PROBLEM DETAILS:
Write out the following listing's lines from the one with "Shaina Mote V-Neck Sleeveless Crop Top" to the one with "2876 Macintosh Woods Dr, Apex, NC 27502", exactly, with both included and no others.

RECORDS FOR THIS TASK:
▼
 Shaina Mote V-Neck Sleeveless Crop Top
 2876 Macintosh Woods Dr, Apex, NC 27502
▲
▼
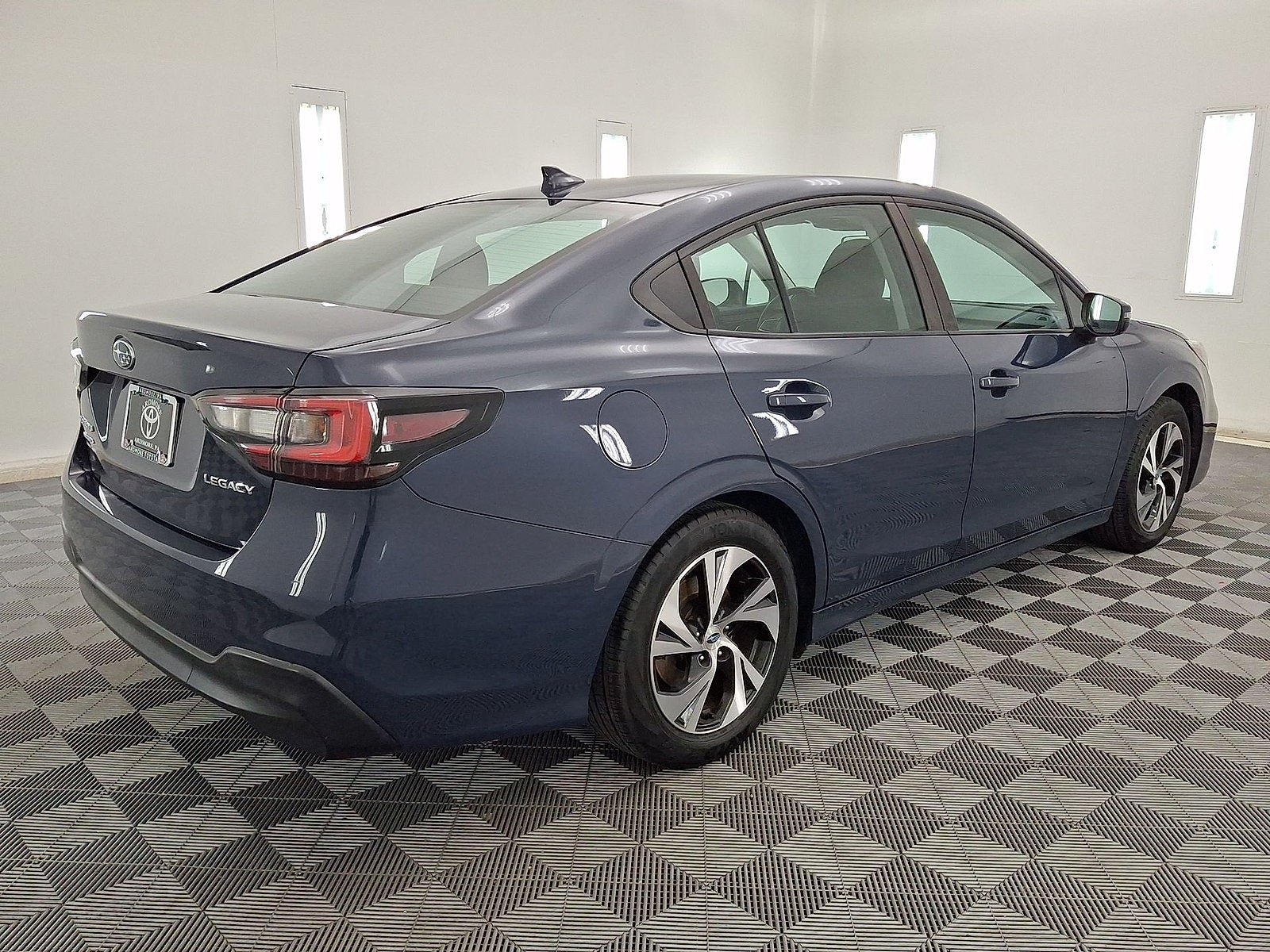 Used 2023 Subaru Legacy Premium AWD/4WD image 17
▲
EXERCISE ANSWER:
 Shaina Mote V-Neck Sleeveless Crop Top
 2876 Macintosh Woods Dr, Apex, NC 27502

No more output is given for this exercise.